* _Saved data entries_
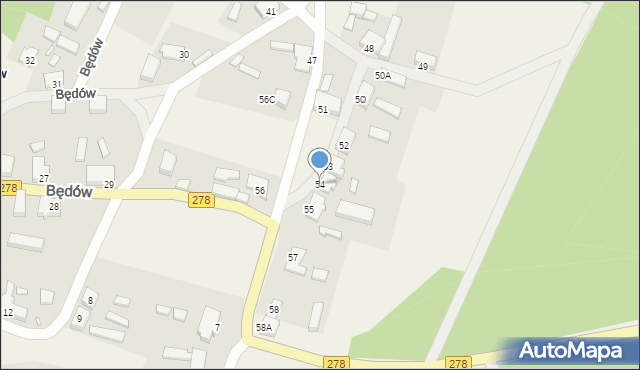 Będów, Będów, 54, mapa Będów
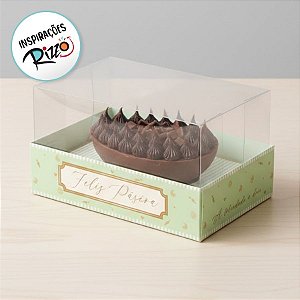 Caixa para Meio Ovo 500g de Páscoa - Horizonte - Quinn Verde - 6 unidades - Cromus - Rizzo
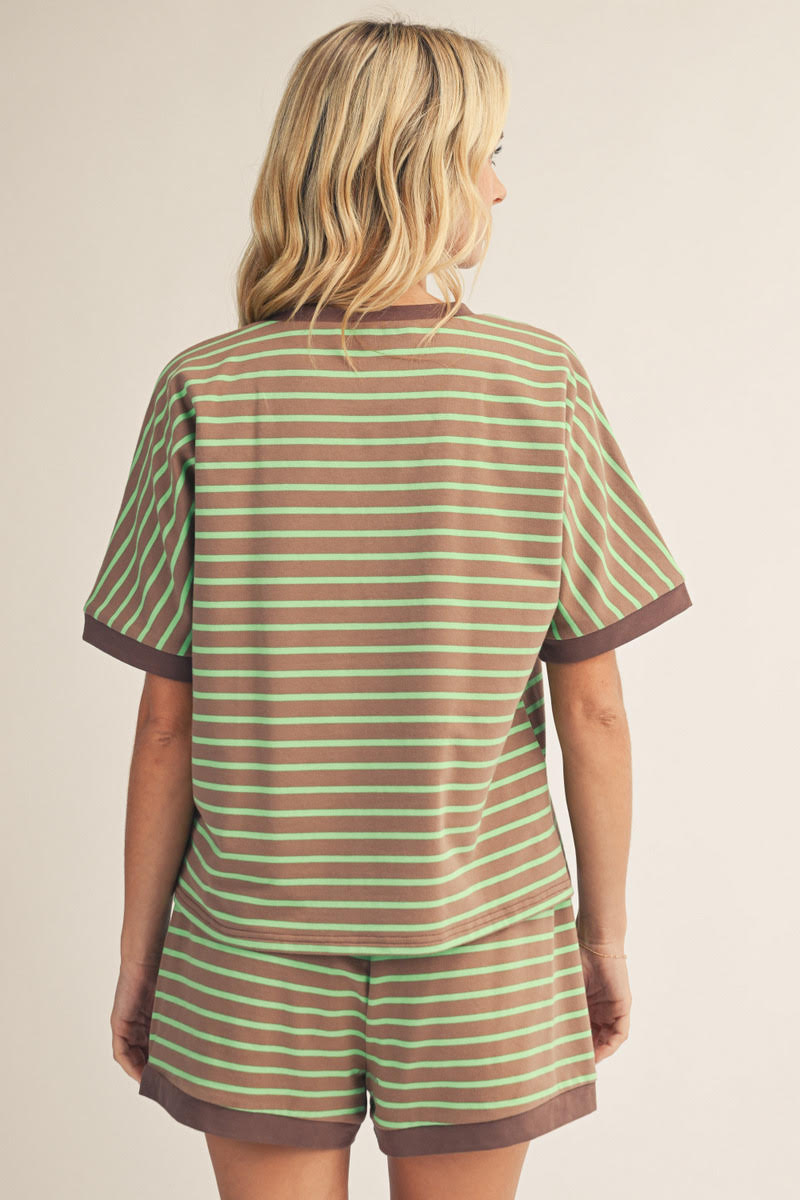 Green / Mocha Stripe Short Set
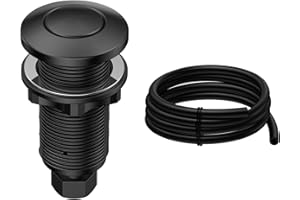 ANWOLL Air Activated Sinktop Switch Push Button for Garbage Disposal, Matte Black with Air Hose, Long Brass Cover
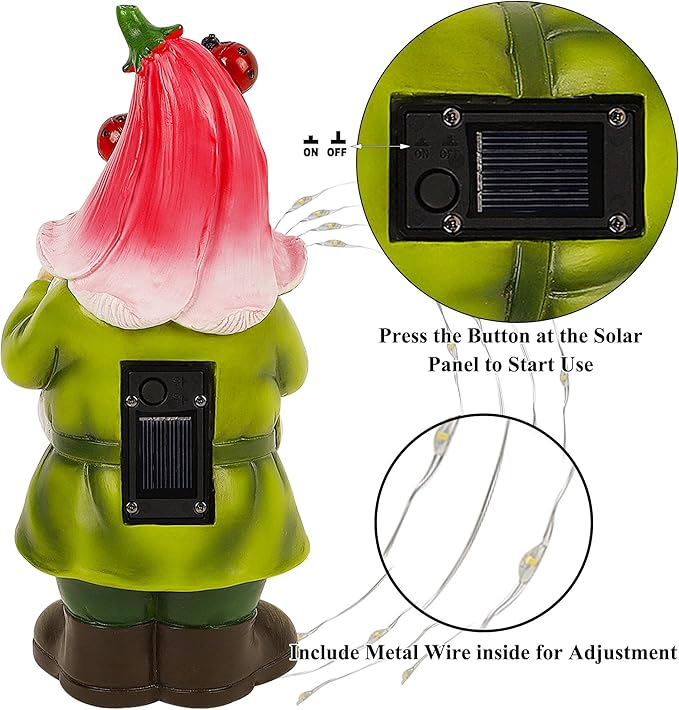 Joliyoou Solar Garden Statue Outdoor Decor, 10.2" H Resin Gnome with Watering Can & Solar Fairy Lights, Waterproof Standing Gnome Figurine for Lawn Yard Pathway Patio Front Door Decoration-Ruum Studio Home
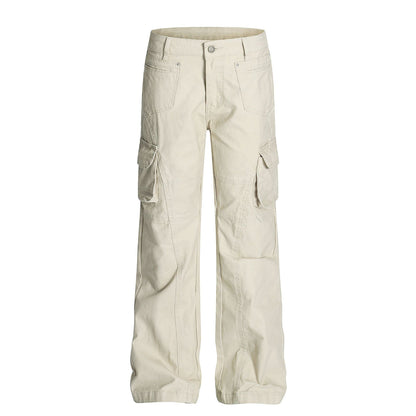 Retro Unisex Solid-Color Multi-Pocket Loose Flare-Bootcut Workwear Casual Pants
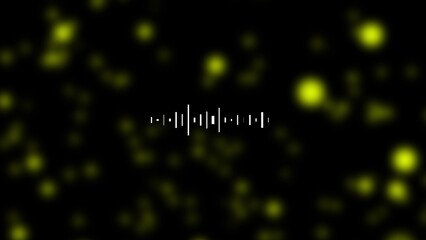 White Sound Waveform with Yellow Bokeh Background Abstract Digital Audio Visualization equalizer music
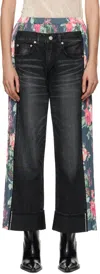 Junya Watanabe Flower Pattern Print Jeans In 1 Black/blue Grey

* _EXERCISE OBJECTIVE_
Omitting the images, output each record precisely as written.

* _WRITTEN SOLUTION_
 Będów, Będów, 54, mapa Będów
 Caixa para Meio Ovo 500g de Páscoa - Horizonte - Quinn Verde - 6 unidades - Cromus - Rizzo
 Green / Mocha Stripe Short Set
 ANWOLL Air Activated Sinktop Switch Push Button for Garbage Disposal, Matte Black with Air Hose, Long Brass Cover
 Joliyoou Solar Garden Statue Outdoor Decor, 10.2" H Resin Gnome with Watering Can & Solar Fairy Lights, Waterproof Standing Gnome Figurine for Lawn Yard Pathway Patio Front Door Decoration-Ruum Studio Home
 Retro Unisex Solid-Color Multi-Pocket Loose Flare-Bootcut Workwear Casual Pants
 White Sound Waveform with Yellow Bokeh Background Abstract Digital Audio Visualization equalizer music
 Junya Watanabe Flower Pattern Print Jeans In 1 Black/blue Grey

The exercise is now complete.